Work order: Among the records below, find the line with "Walk-in closet with" and the line with "Lekkie brązowe drzwi". Set down both and every line between, exactly and with no pictures, but nothing else.

══ Supplied records ══

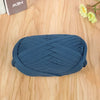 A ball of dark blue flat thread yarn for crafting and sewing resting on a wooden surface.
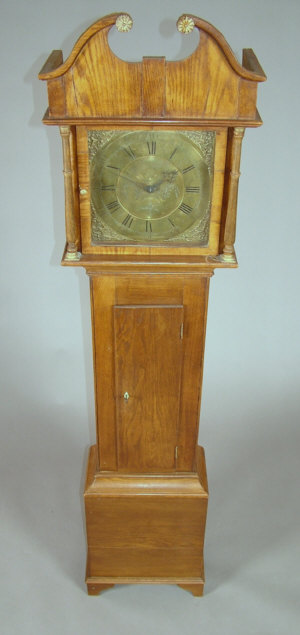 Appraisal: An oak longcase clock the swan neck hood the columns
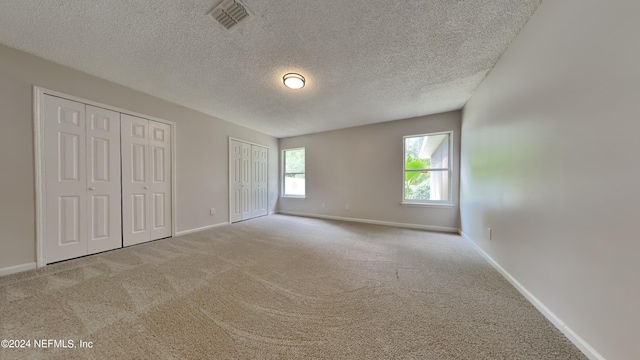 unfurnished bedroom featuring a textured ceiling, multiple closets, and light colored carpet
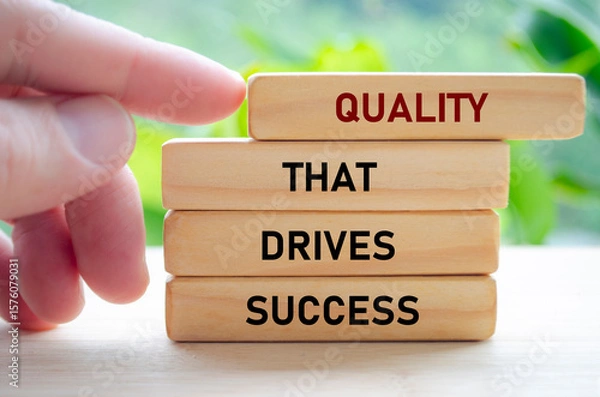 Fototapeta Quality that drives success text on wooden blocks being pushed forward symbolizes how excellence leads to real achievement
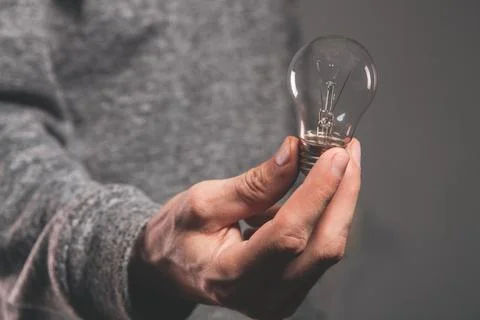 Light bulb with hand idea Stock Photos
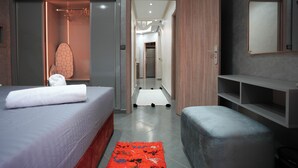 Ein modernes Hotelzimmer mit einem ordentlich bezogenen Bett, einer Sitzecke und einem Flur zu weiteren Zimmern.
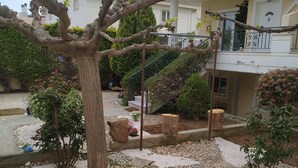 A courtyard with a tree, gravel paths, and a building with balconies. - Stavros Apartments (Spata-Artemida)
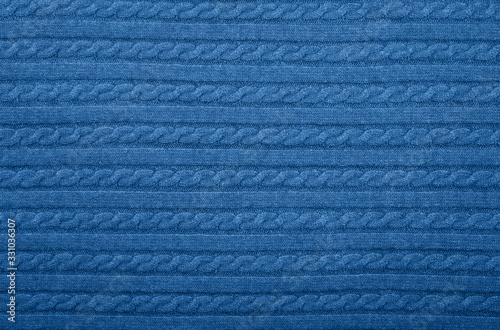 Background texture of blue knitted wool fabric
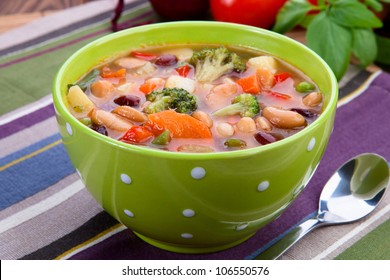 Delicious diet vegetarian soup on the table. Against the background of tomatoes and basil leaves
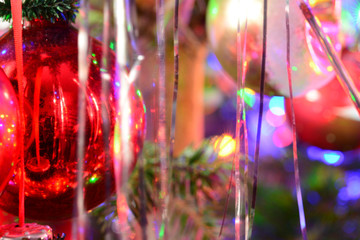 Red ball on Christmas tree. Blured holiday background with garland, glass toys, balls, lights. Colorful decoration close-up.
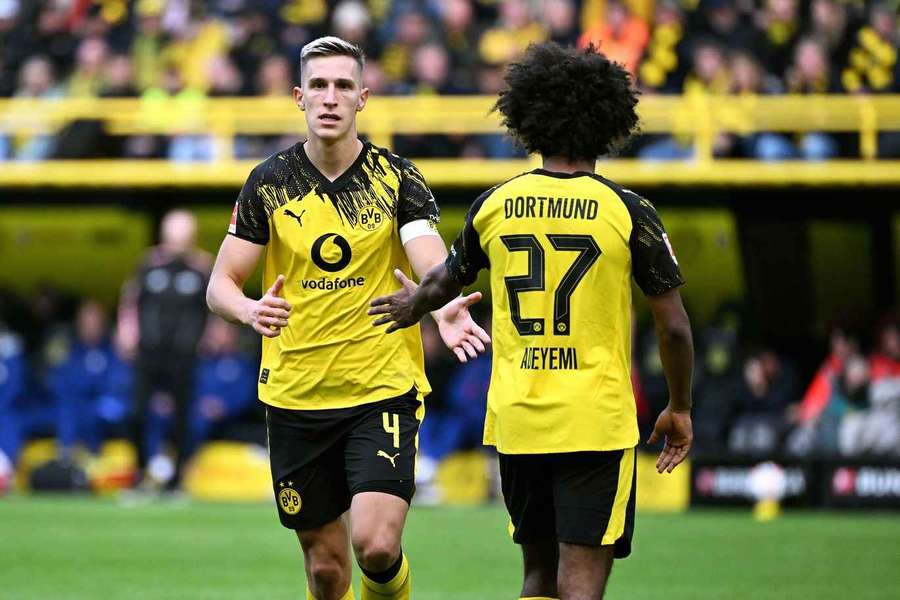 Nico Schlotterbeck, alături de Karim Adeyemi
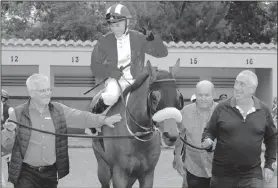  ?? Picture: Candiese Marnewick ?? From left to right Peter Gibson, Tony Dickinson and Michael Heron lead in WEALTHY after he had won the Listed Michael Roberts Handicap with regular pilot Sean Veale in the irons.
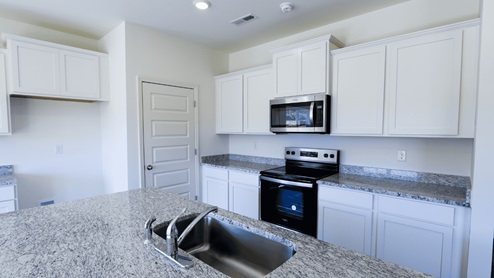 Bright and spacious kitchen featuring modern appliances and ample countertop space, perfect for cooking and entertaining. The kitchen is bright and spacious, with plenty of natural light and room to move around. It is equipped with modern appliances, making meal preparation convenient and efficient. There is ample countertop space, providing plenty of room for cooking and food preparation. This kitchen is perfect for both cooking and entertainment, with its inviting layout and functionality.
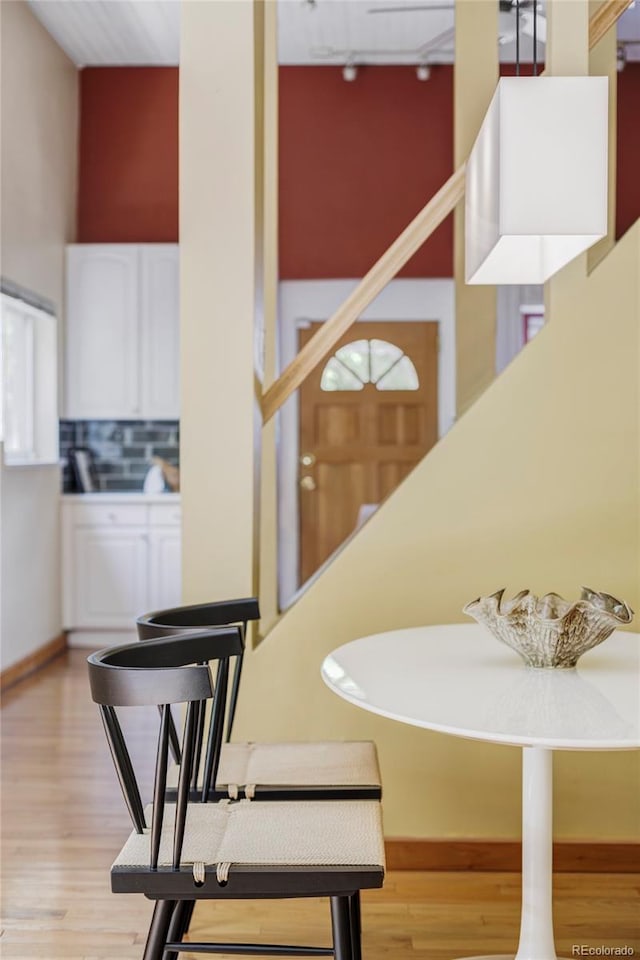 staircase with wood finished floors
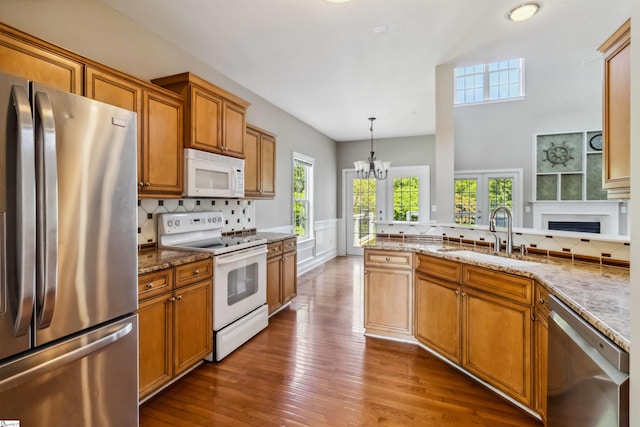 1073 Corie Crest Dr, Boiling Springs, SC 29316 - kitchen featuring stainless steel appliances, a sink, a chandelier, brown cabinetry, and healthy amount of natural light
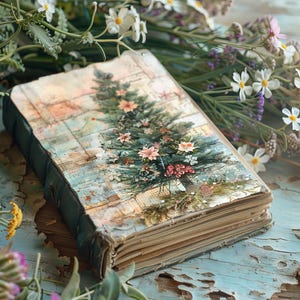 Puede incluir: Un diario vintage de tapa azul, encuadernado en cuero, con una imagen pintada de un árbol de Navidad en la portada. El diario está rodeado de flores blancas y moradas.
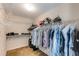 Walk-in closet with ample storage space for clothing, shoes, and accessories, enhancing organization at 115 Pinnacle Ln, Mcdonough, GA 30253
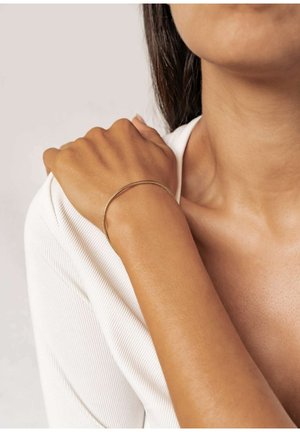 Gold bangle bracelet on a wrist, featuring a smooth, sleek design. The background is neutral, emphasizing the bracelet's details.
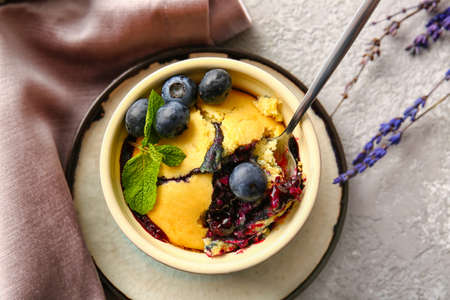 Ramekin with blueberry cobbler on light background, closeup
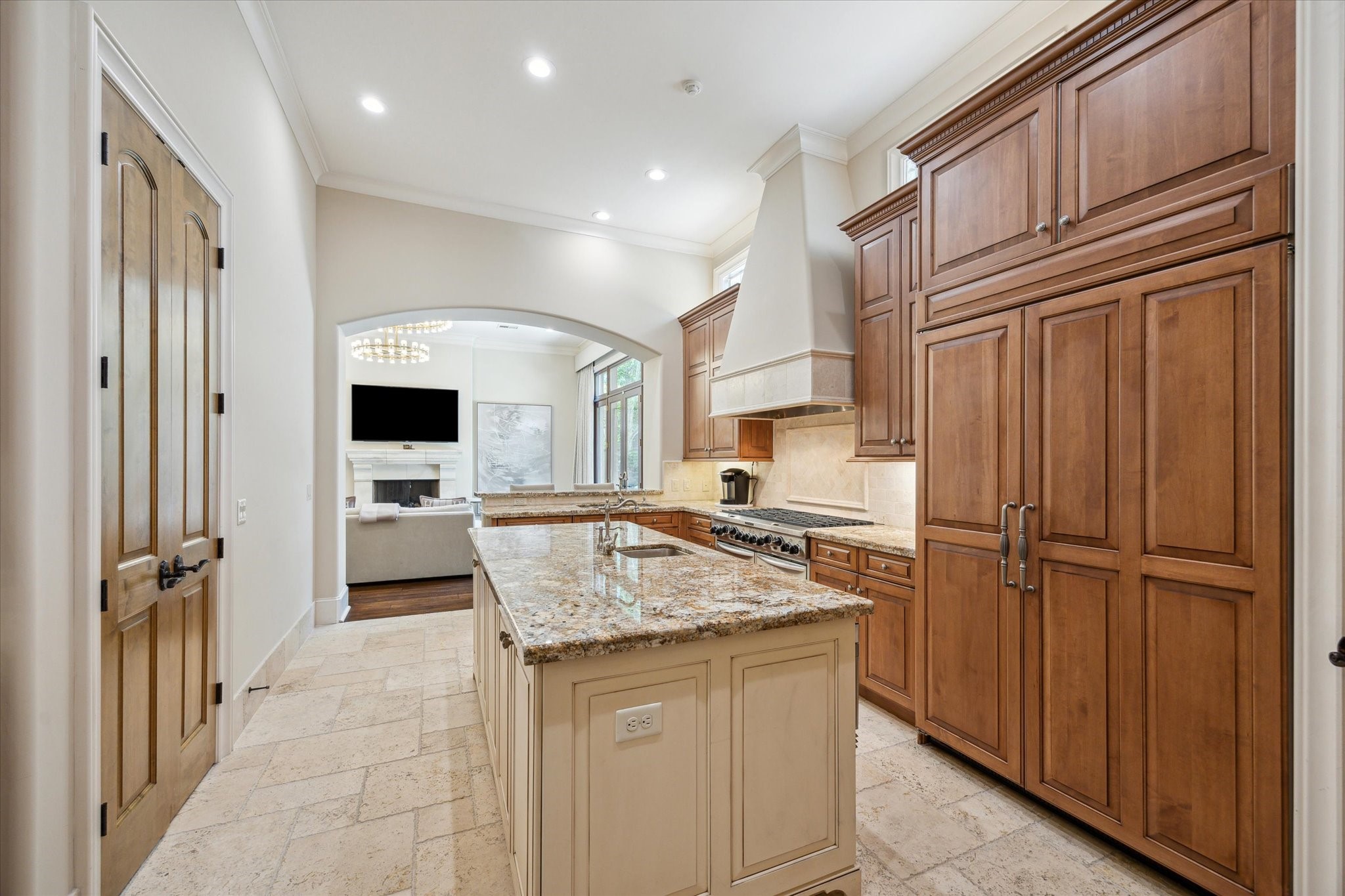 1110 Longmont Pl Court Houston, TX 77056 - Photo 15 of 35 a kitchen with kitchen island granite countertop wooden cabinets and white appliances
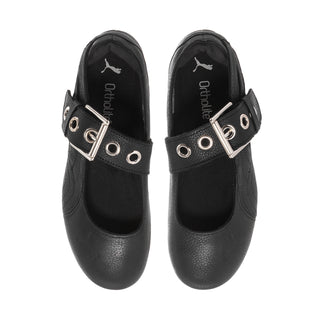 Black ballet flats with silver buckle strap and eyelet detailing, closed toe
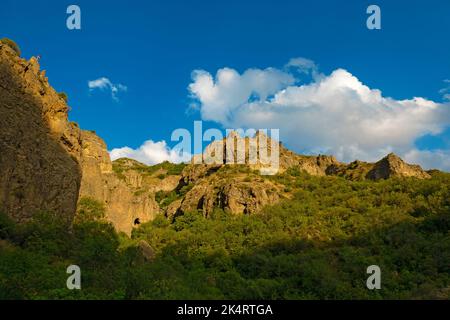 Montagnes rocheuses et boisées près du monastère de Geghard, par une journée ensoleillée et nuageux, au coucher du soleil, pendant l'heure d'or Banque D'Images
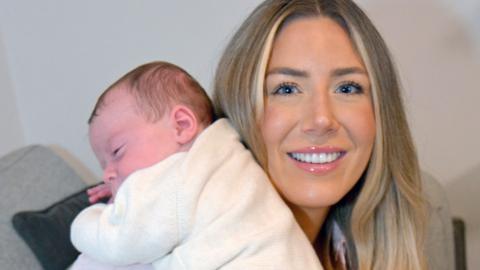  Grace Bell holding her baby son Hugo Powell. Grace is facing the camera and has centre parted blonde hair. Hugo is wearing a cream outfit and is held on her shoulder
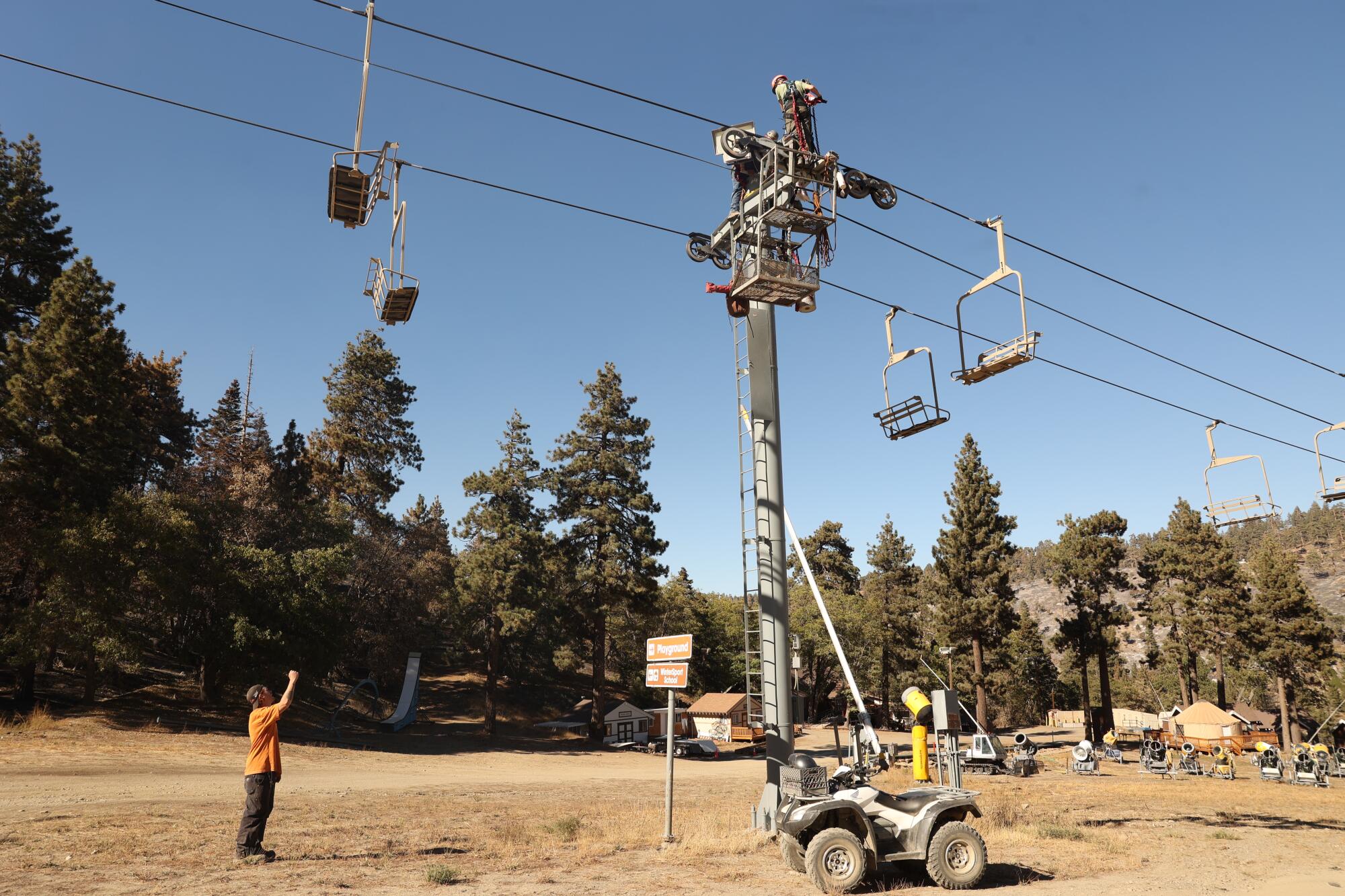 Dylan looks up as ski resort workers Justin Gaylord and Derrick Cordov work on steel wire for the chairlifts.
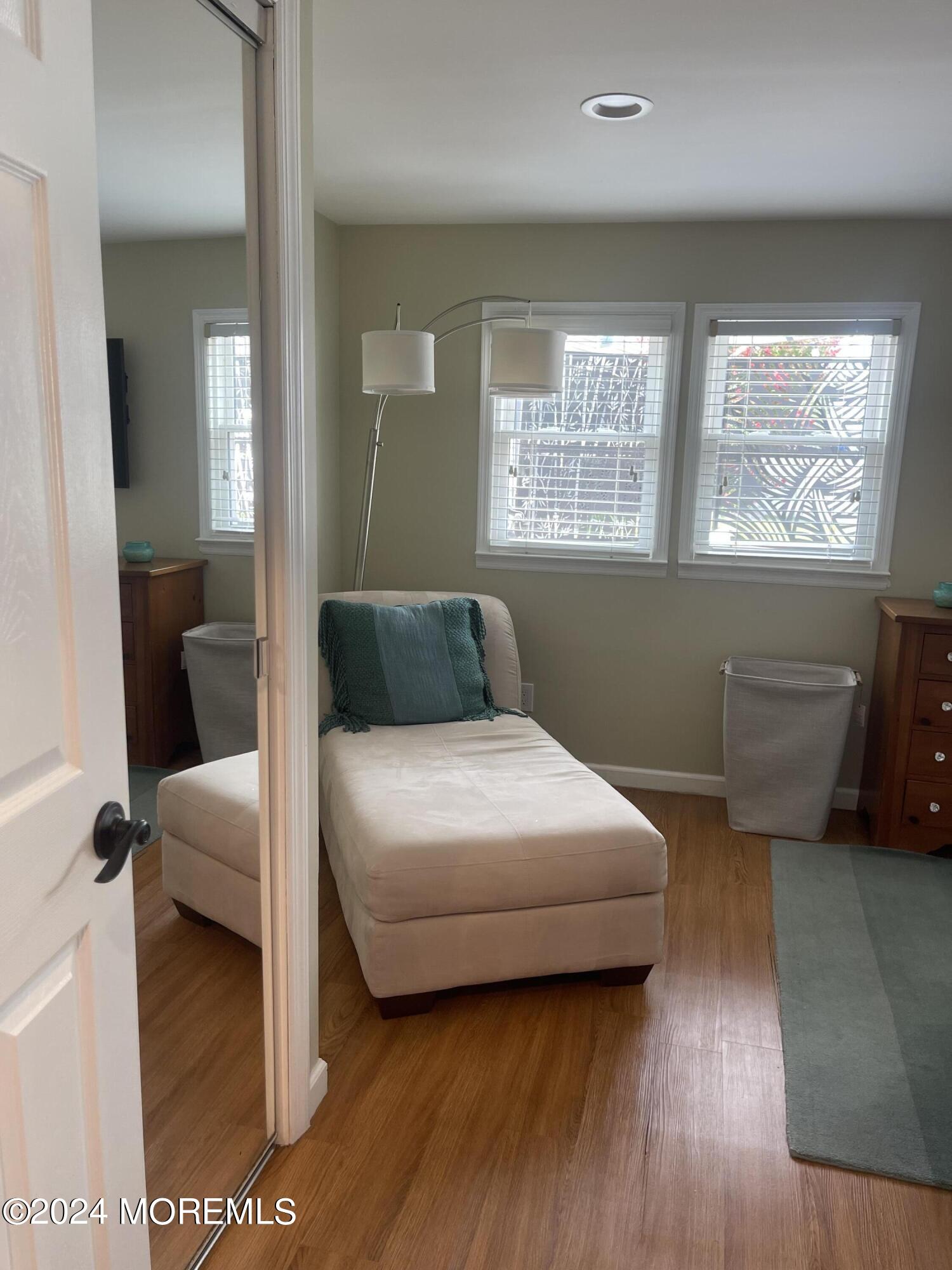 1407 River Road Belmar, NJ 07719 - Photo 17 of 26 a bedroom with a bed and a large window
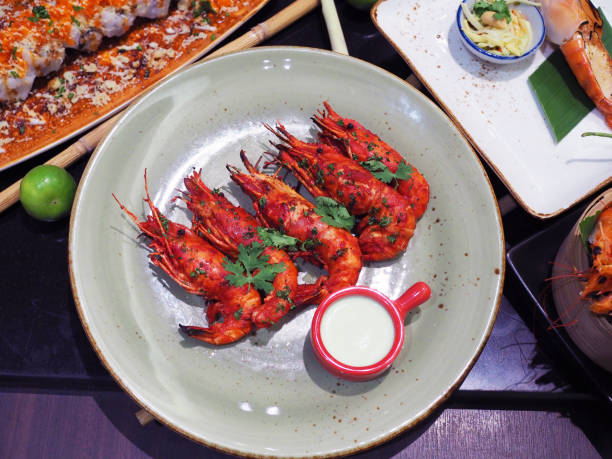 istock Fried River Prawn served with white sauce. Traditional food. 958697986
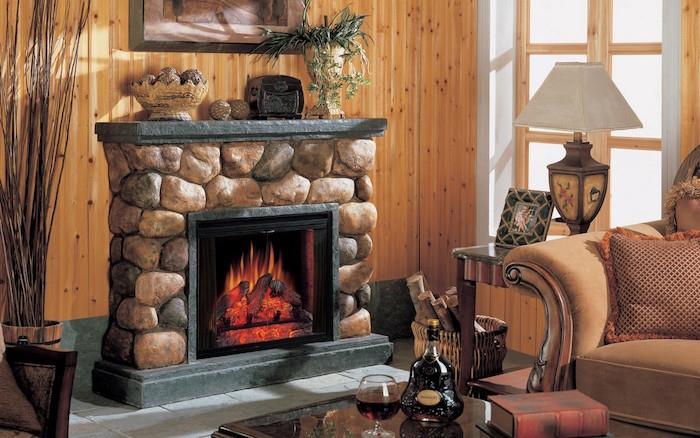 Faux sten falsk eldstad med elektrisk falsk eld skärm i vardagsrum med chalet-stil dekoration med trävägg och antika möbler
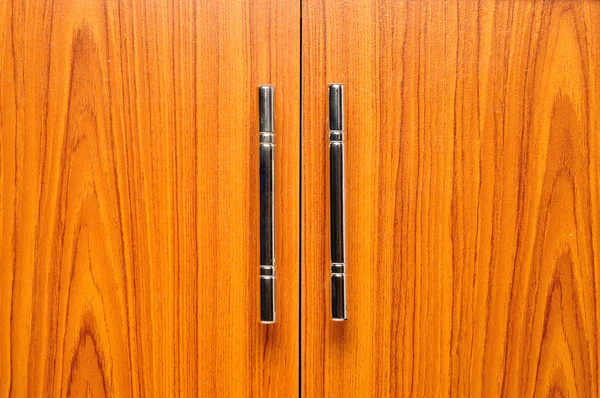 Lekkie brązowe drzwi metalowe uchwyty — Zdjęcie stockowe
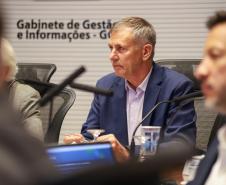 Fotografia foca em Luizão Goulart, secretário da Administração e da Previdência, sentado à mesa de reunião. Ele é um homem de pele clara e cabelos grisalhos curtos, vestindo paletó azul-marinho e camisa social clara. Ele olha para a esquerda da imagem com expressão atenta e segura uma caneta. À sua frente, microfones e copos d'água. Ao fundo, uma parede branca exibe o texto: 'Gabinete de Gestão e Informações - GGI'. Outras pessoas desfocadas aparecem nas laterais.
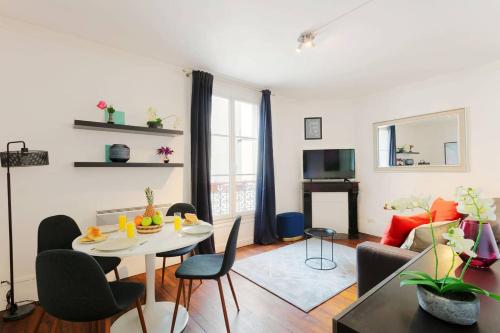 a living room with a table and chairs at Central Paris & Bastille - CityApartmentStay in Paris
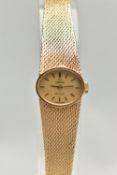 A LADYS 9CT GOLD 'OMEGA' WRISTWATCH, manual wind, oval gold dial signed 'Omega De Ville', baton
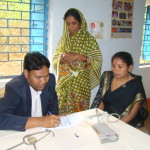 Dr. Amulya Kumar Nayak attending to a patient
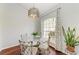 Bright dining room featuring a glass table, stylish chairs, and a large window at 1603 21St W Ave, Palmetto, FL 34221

═══

Written solution:
 Walk-in closet with ample storage space for clothing, shoes, and accessories, enhancing organization at 115 Pinnacle Ln, Mcdonough, GA 30253
 Gold bangle bracelet on a wrist, featuring a smooth, sleek design. The background is neutral, emphasizing the bracelet's details.
 Ramekin with blueberry cobbler on light background, closeup
 1110 Longmont Pl Court Houston, TX 77056 - Photo 15 of 35 a kitchen with kitchen island granite countertop wooden cabinets and white appliances
 Black ballet flats with silver buckle strap and eyelet detailing, closed toe
 Montagnes rocheuses et boisées près du monastère de Geghard, par une journée ensoleillée et nuageux, au coucher du soleil, pendant l'heure d'or Banque D'Images
  Grace Bell holding her baby son Hugo Powell. Grace is facing the camera and has centre parted blonde hair. Hugo is wearing a cream outfit and is held on her shoulder
 Dylan looks up as ski resort workers Justin Gaylord and Derrick Cordov work on steel wire for the chairlifts.
 1407 River Road Belmar, NJ 07719 - Photo 17 of 26 a bedroom with a bed and a large window
 istock Fried River Prawn served with white sauce. Traditional food. 958697986
 Faux sten falsk eldstad med elektrisk falsk eld skärm i vardagsrum med chalet-stil dekoration med trävägg och antika möbler
 Lekkie brązowe drzwi metalowe uchwyty — Zdjęcie stockowe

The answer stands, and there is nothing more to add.